The Mean SIR of Large-Scale Wireless Networks: Its Closed-Form Expression and Main Applications

TL;DR

This paper derives a closed-form expression for the mean SIR in large-scale wireless networks with general channel gains, demonstrating benefits of channel randomness and optimizing network throughput.

Contribution

It provides the first closed-form mean SIR expression for general channel models and explores its implications for power control, scheduling, and network capacity optimization.

Findings

Channel gain randomness benefits mean SIR.

Stochastic power control improves mean SIR and reduces outage.

Optimal transmitter density maximizes throughput capacity.

Abstract

In a large-scale wireless ad hoc network in which all transmitters form a homogeneous of Poisson point process, the statistics of the signal-to-interference ratio (SIR) in prior work is only derived in closed-form for the case of Rayleigh fading channels.
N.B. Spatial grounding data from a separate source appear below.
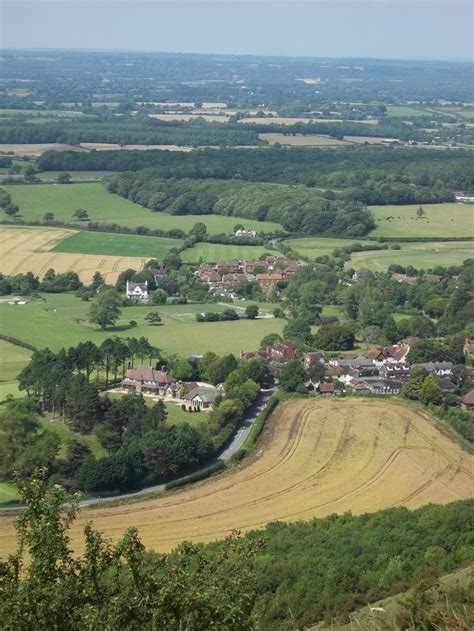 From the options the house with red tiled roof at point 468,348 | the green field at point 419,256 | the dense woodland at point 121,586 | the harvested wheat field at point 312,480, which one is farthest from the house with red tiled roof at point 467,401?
the green field at point 419,256

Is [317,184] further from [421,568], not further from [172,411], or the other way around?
[421,568]

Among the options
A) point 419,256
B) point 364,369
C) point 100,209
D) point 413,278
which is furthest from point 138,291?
point 100,209

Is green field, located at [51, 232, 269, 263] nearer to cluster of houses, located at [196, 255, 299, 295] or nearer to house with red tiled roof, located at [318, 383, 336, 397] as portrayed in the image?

In this letter, the mean SIR is found in closed-form for general random channel (power) gain, transmission distance and power control models. According to the derived mean SIR, we first show that channel gain randomness actually benefits the mean SIR so that the upper bound on the mean spectrum efficiency increases. Then we show that stochastic power control and opportunistic scheduling that capture the randomness of channel gain and transmission distance can significantly not only enhance the mean SIR but reduce the outage probability. The mean-SIR-based throughput capacity is proposed and it can be maximized by a unique optimal intensity of transmitters if the derived supporting set of the intensity exists.